PROBLEM STATEMENT
Write out word for word the lines from the one holding "woman with freckles in sunlight" through the end of the data, and only those lines. Pictures stay out.

INFORMATION SUPPLIED
⁂
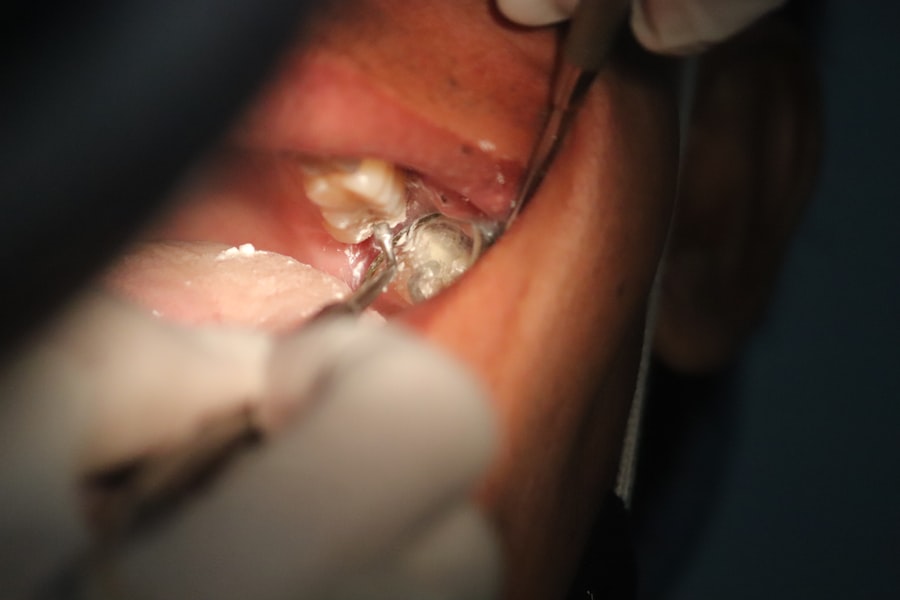 Dental coverage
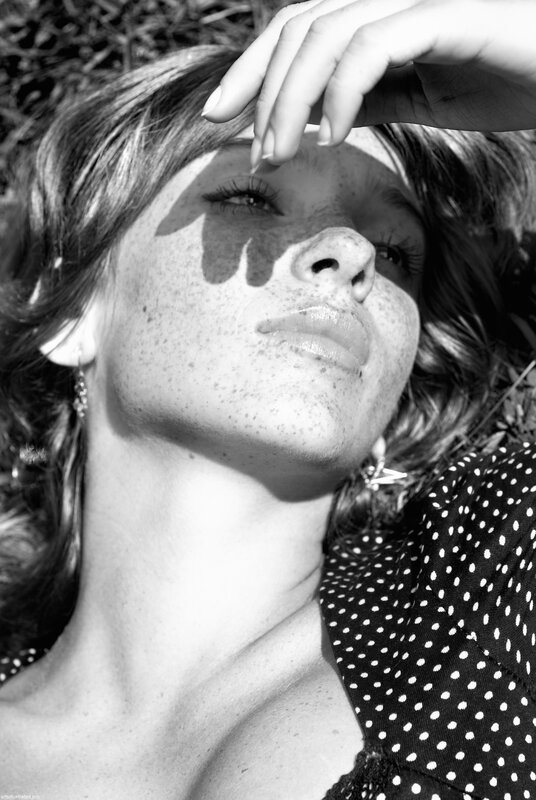 woman with freckles in sunlight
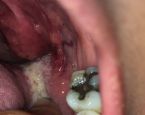 Worms in my throat???? image36 ... (Click to enlarge)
⁂
OUTPUT FOR THIS TASK
 woman with freckles in sunlight
 Worms in my throat???? image36 ... (Click to enlarge)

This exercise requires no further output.